BEGIN DATA EXTRACT

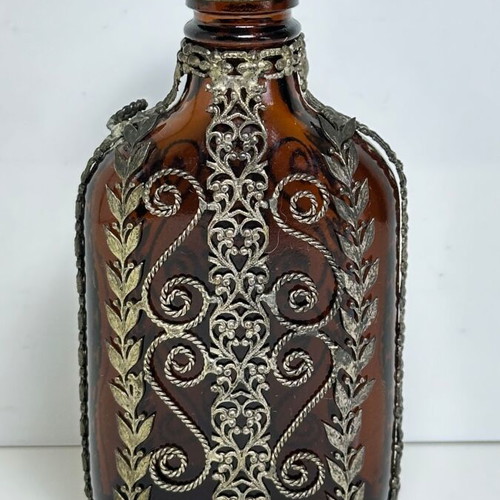 Vintage amber glass flask with filigree metalwork, 1930-1950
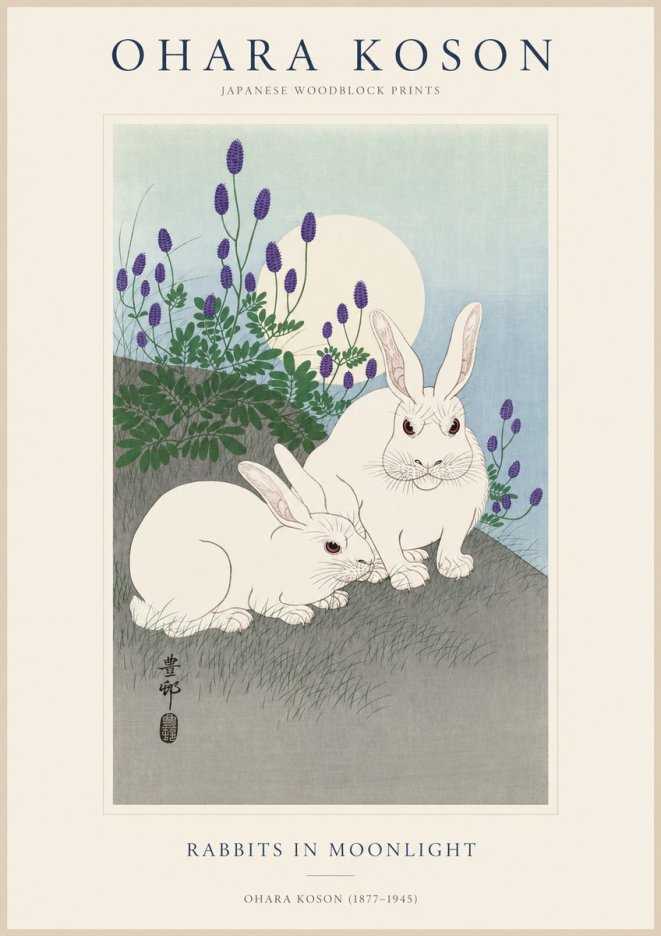 Ohara Koson Rabbits in Moonlight No1 - Póster
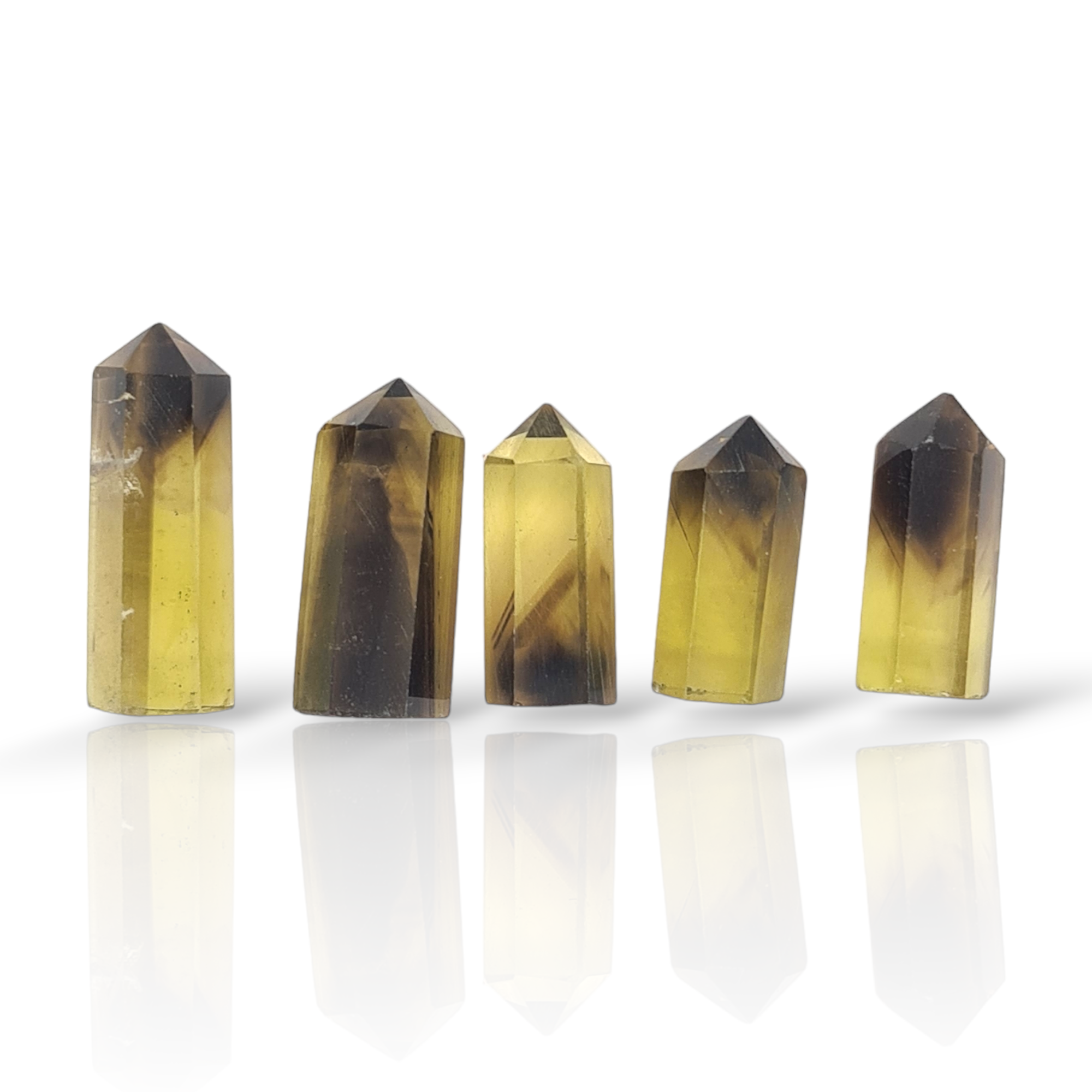 Natural 5 piece Faceted Lemon Quartz Bi-Color Tower Shape | Size:14-16mm - The LabradoriteKing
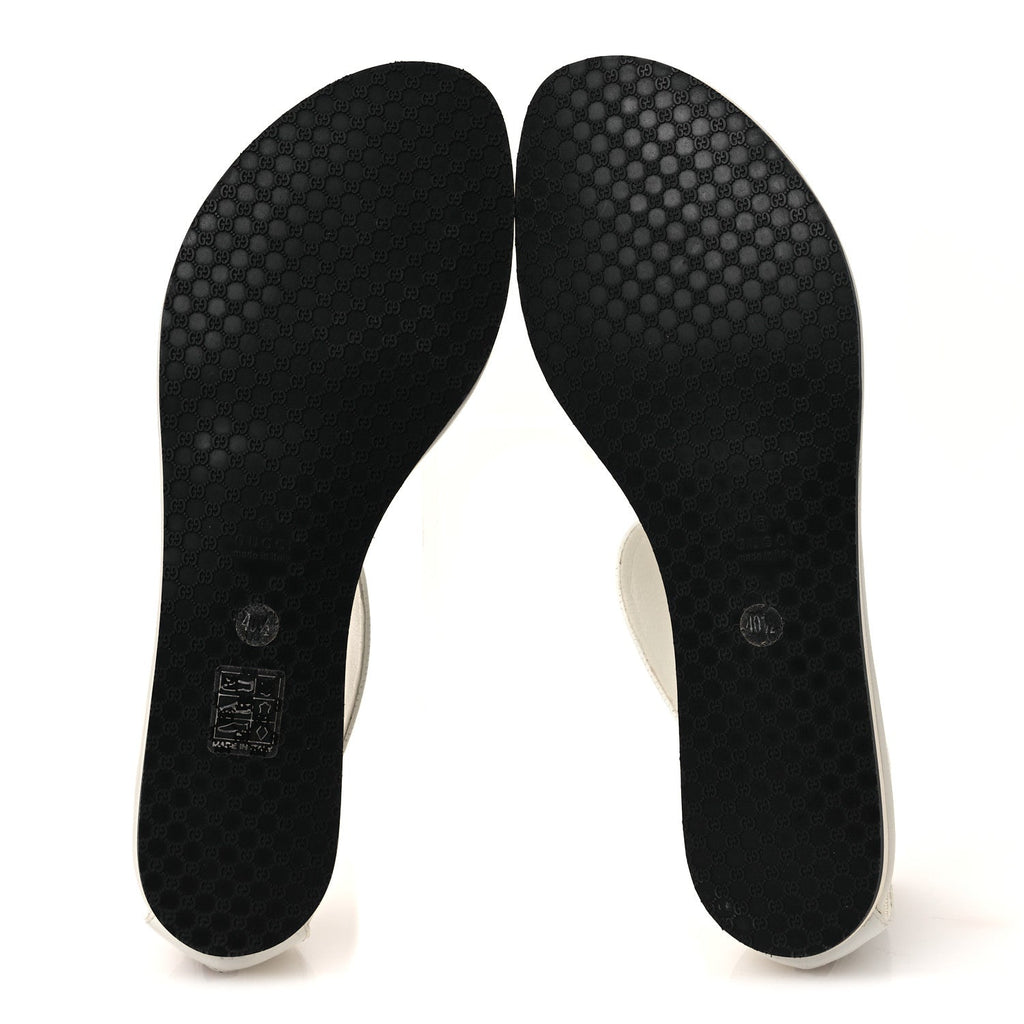 Gucci Calfskin GG Zip Thong Sandals 40.5 White
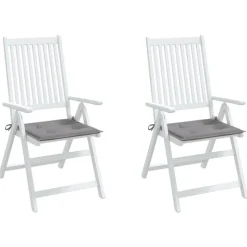 Coussins de chaise jardin lot de 2 gris 40x40x3 cm tissu oxford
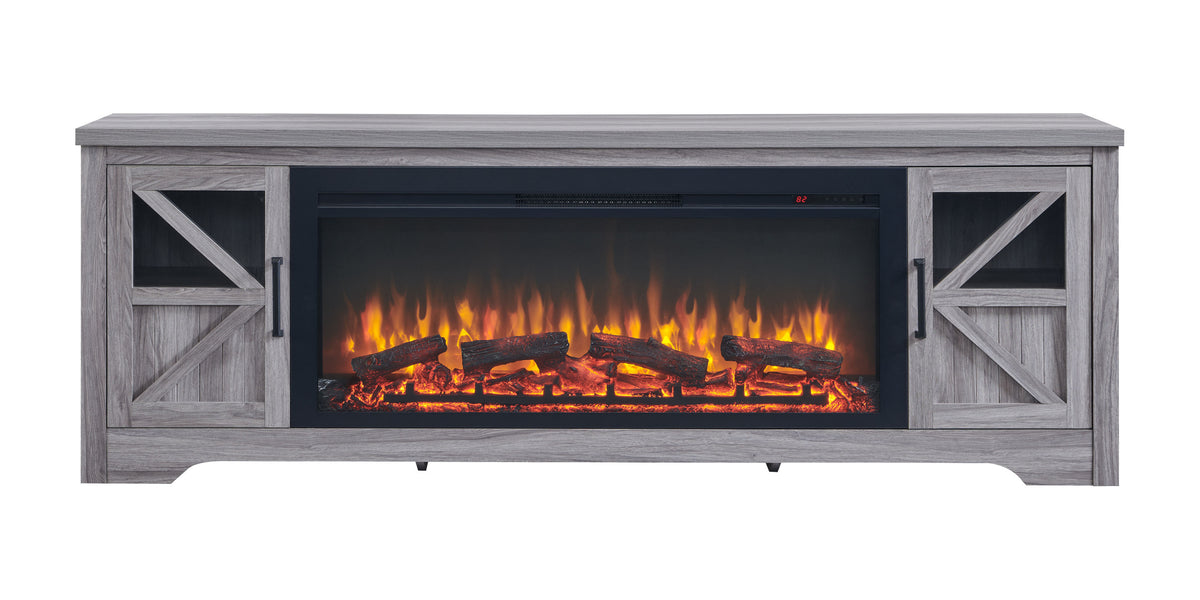 Nøordka Light TV Stand Default 75" Gray Fireplace TV Stand for TVs Up to 80" with 44" Intergrated Electric Fireplace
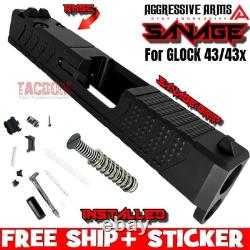 Aggressive Arms Savage Complete Slide + Upper Parts For Glock 43 43x Black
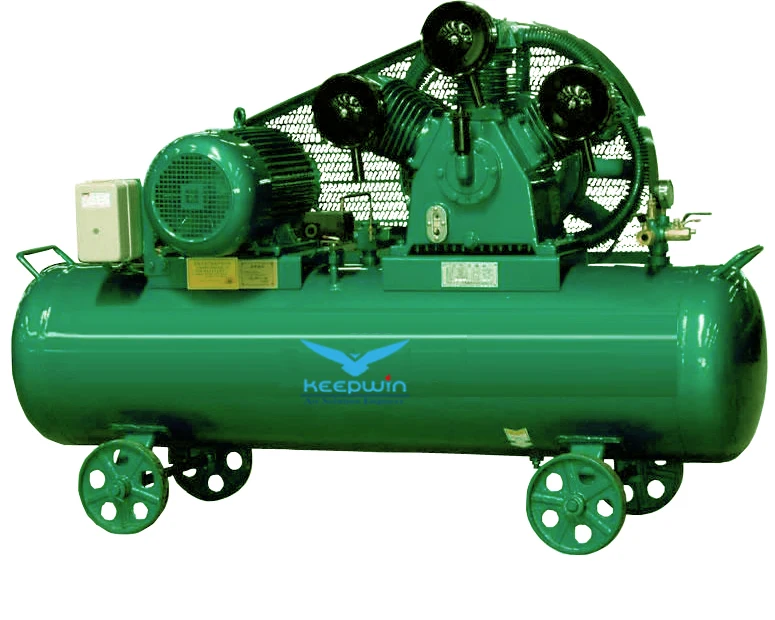 7.5KW 10 8bar Portable Movable Tank Belt Driven Piston Type Lubricated Motor Small Air Compressor with 100L-300L Capacity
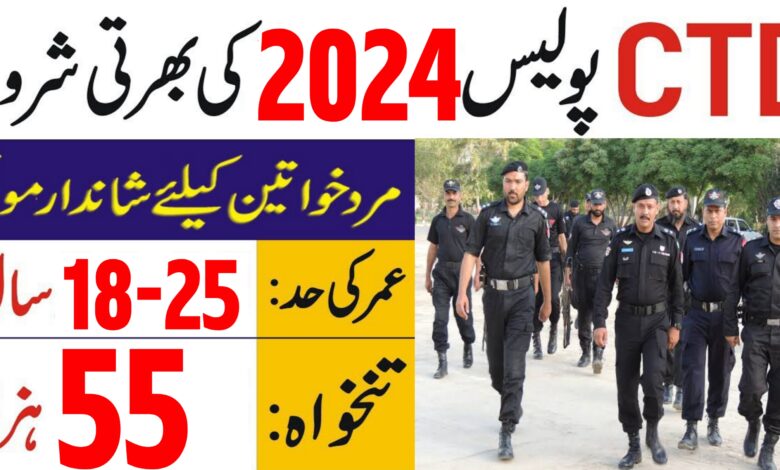 Counter Terrorism Department CTD Punjab Police Jobs 2024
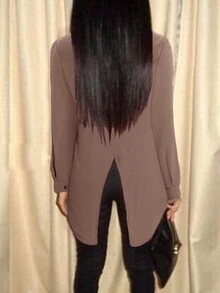 Casual Solid Color Long Sleeve Back Split Shirt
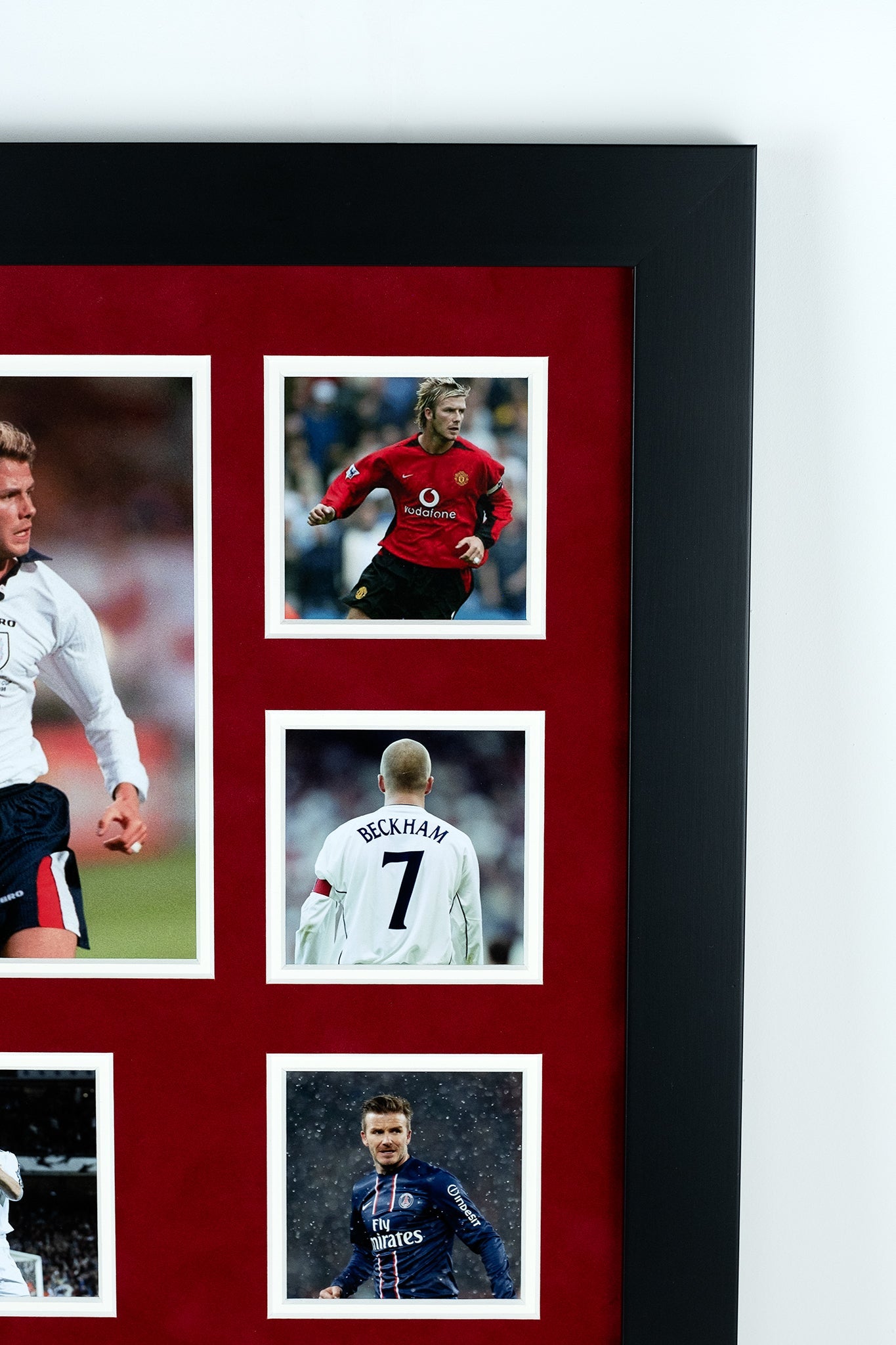 David Beckham 1998 World Cup England Tracksuit Swatch Framed Display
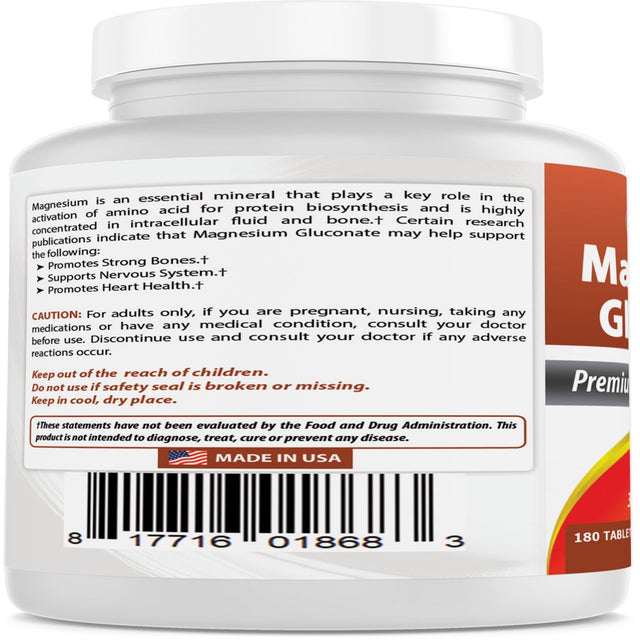 Best Naturals Magnesium Gluconate 600 Mg 180 Tablets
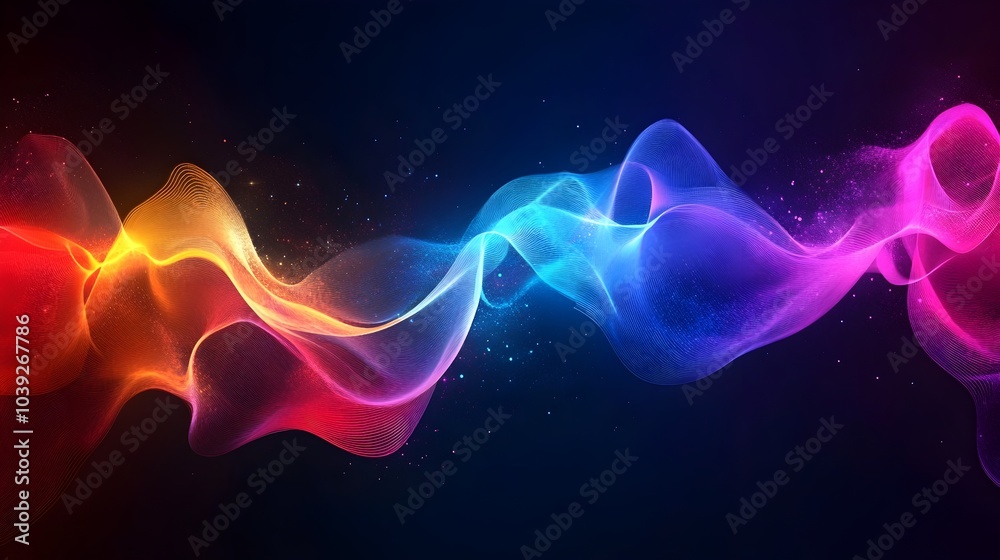 Fototapeta premium Vibrant Colorful Abstract Sound Waves Flowing with Dynamic Energy and Captivating Motion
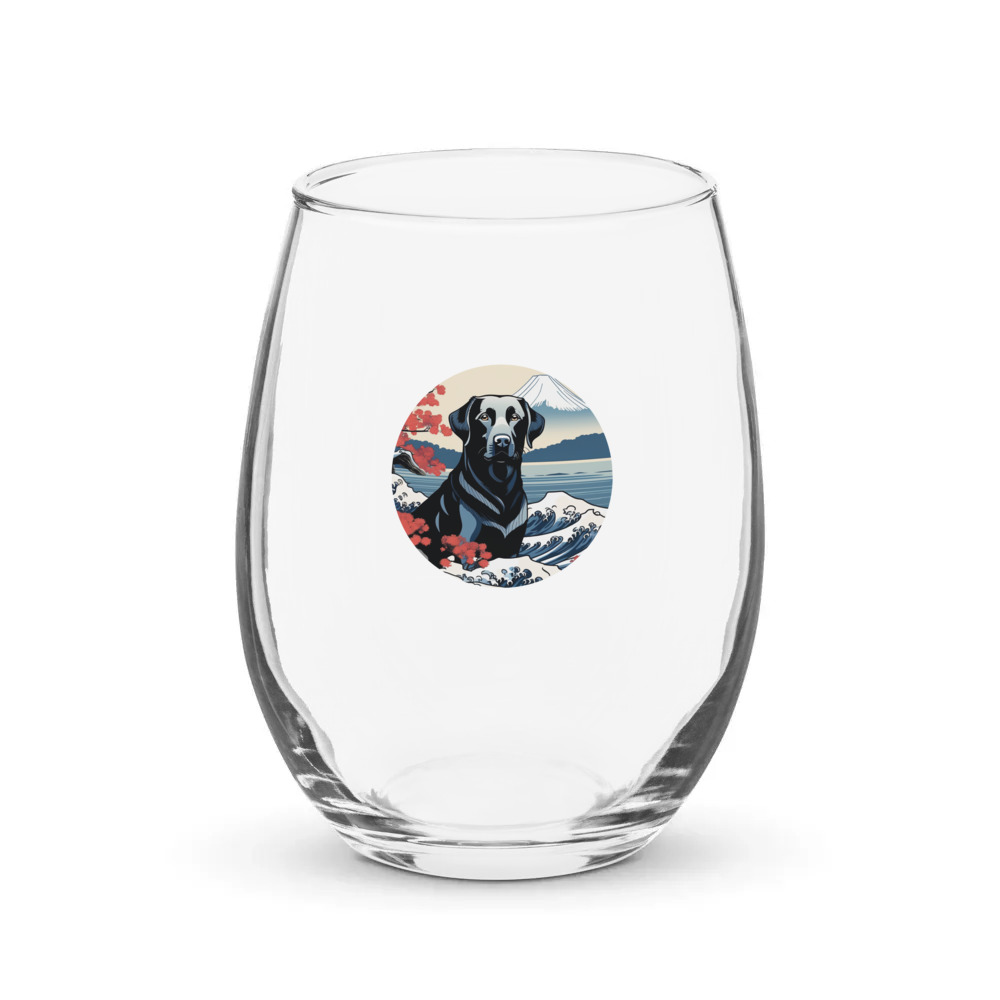 PugMug Custom Black Labrador Retriever Stemless Wine Glass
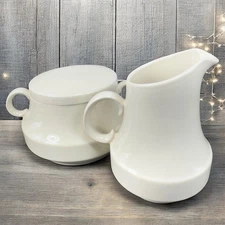 Lord Nelson Ware Tan Fine Porcelain Sugar And Creamer Set Kitchenware Vintage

END DATA EXTRACT

→ **REQUIREMENT**
Range to copy from the listing above: the line containing "Nøordka Light TV" down to the line containing "PugMug Custom Black", both included. Reproduce it exactly, minus the pictures, and add nothing.

→ **RESULT FOR THIS EXERCISE**
 Nøordka Light TV Stand Default 75" Gray Fireplace TV Stand for TVs Up to 80" with 44" Intergrated Electric Fireplace
 Aggressive Arms Savage Complete Slide + Upper Parts For Glock 43 43x Black
 7.5KW 10 8bar Portable Movable Tank Belt Driven Piston Type Lubricated Motor Small Air Compressor with 100L-300L Capacity
 Counter Terrorism Department CTD Punjab Police Jobs 2024
 Casual Solid Color Long Sleeve Back Split Shirt
 David Beckham 1998 World Cup England Tracksuit Swatch Framed Display
 Best Naturals Magnesium Gluconate 600 Mg 180 Tablets
 Fototapeta premium Vibrant Colorful Abstract Sound Waves Flowing with Dynamic Energy and Captivating Motion
 PugMug Custom Black Labrador Retriever Stemless Wine Glass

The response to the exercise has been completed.